For more information on the history of the different dock complexes, see Bristol Harbour, Avonmouth Docks, Portishead and Royal Portbury Dock.
The Port of Bristol grew up on the banks of the Rivers Avon and Frome, at their confluence upstream of the Avon Gorge which connects the city with the Bristol Channel. This part of the port was known as the Bristol City Docks, and is now more usually known as Bristol Harbour. The Avon and Frome are small, shallow rivers incapable in themselves of accommodating ocean-going ships, even those of the age of sail, as can still be seen by inspecting the branch of the Avon known as the New Cut at low tide. The harbour depended on the extreme tides (14 metres) experienced in the Bristol Channel. Ships that wished to enter the harbour waited for the tide to begin to rise and floated up the river, through the Avon Gorge, and into the harbour on the tide.
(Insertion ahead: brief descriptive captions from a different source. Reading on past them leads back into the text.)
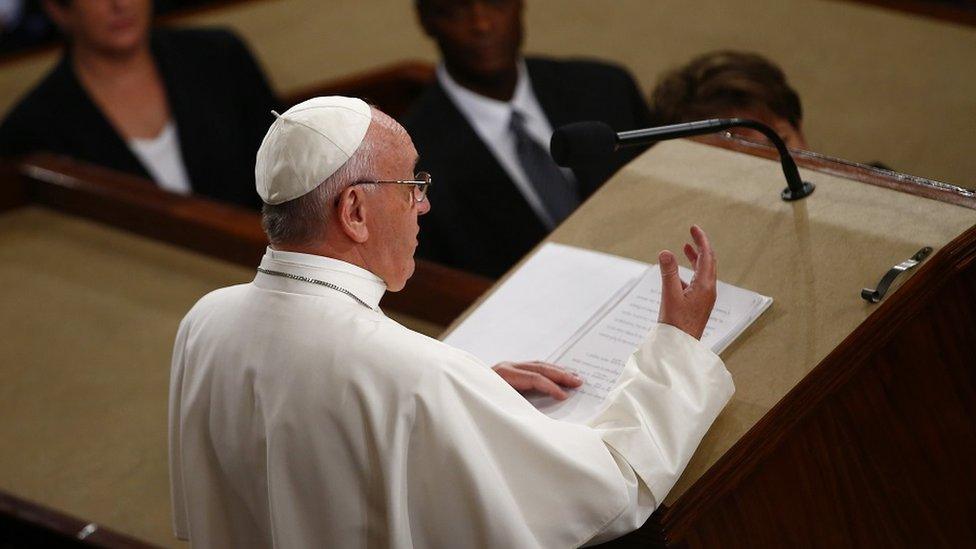 The Pope speaks at the podium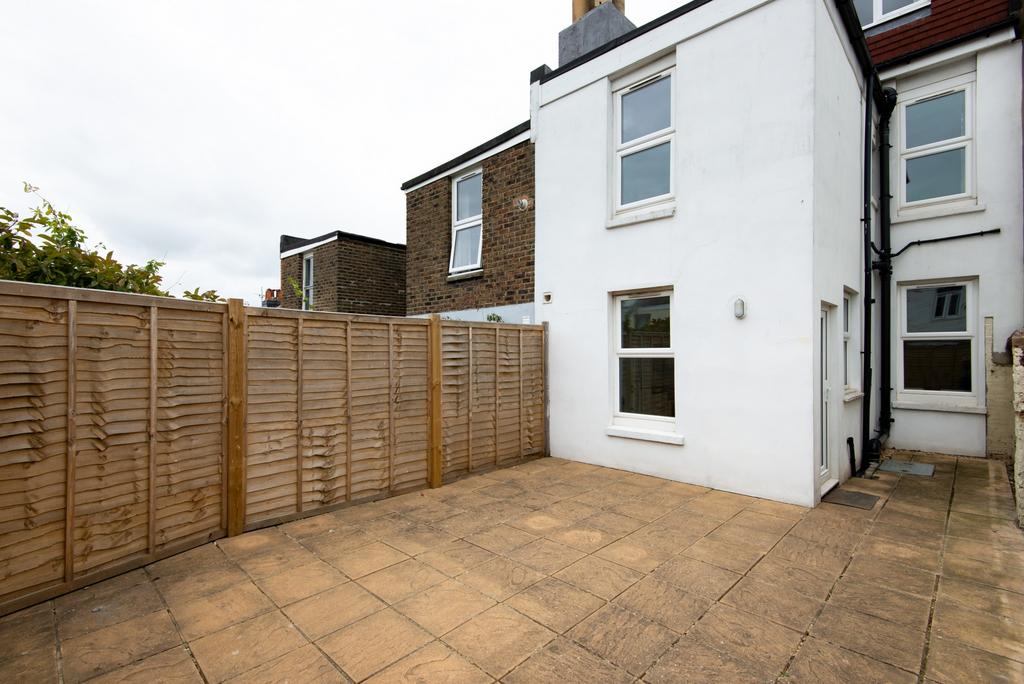 A tidy and well-maintained exterior view of the...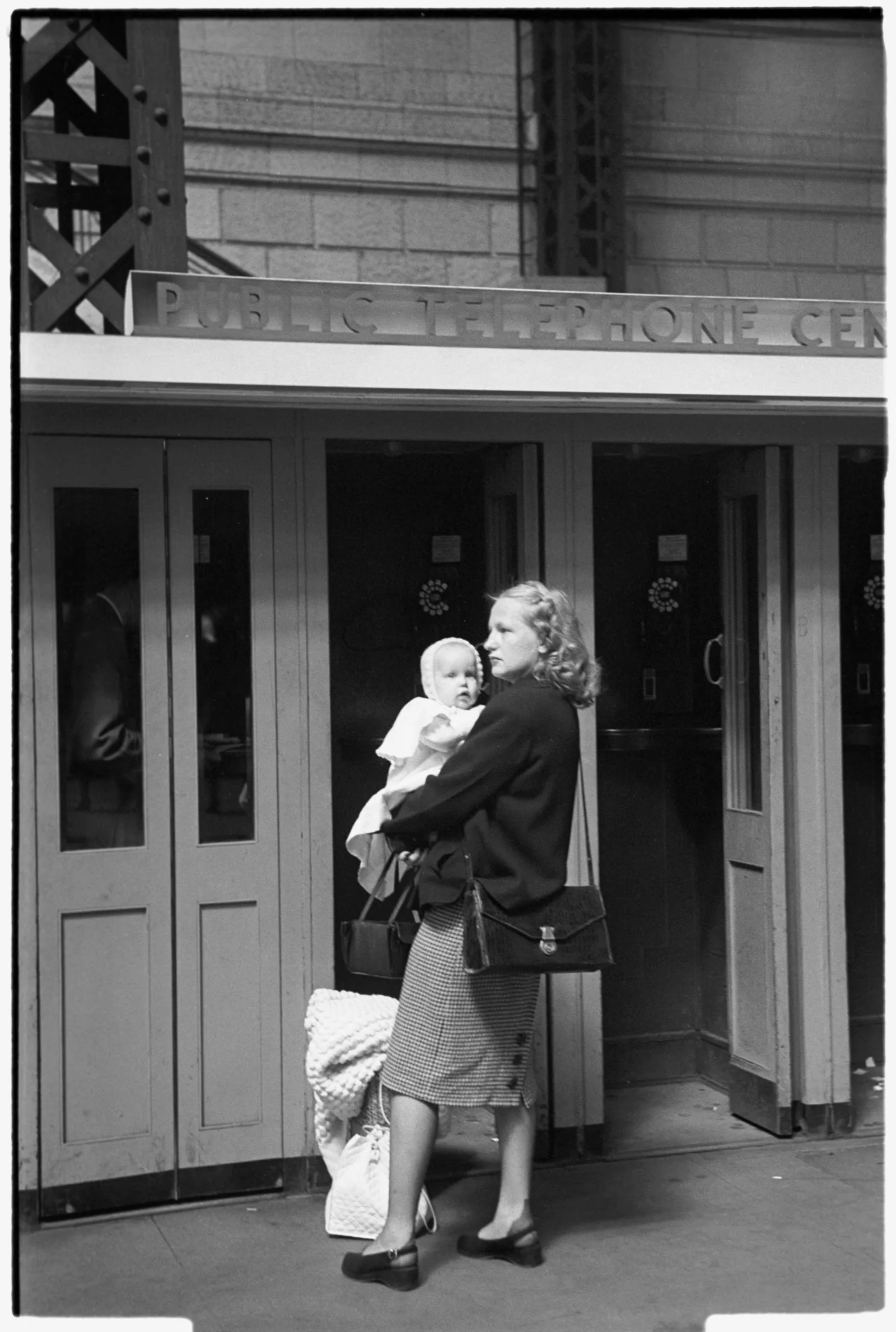 CBQGR118 A mother holding her infant child in front of a row of train station telephone booths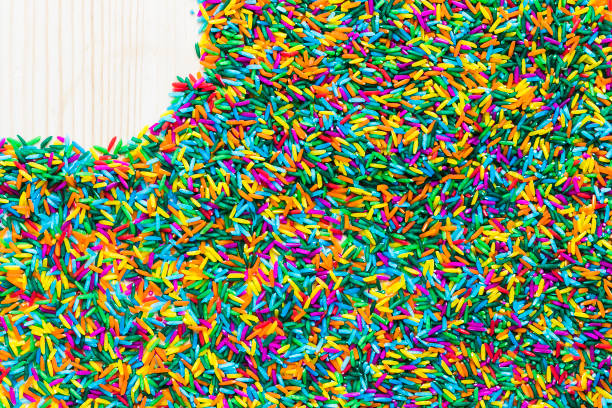istock Left Copyspace on colorful rice on wooden background 1041209972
Ships leaving the harbour set out at the high tide, and floated down to the sea with the ebbing tide. In the 1800s the harbour was enclosed by locks, together with a diversion of the River Avon, resulting in its alternative name of the Floating Harbour, taken from the fact that the ships were able to float at all times, rather than resting in the mud at low tide, as had previously been the case.
Shipping Masters appointed under the Merchant Shipping Act included Henry Hellier Peters.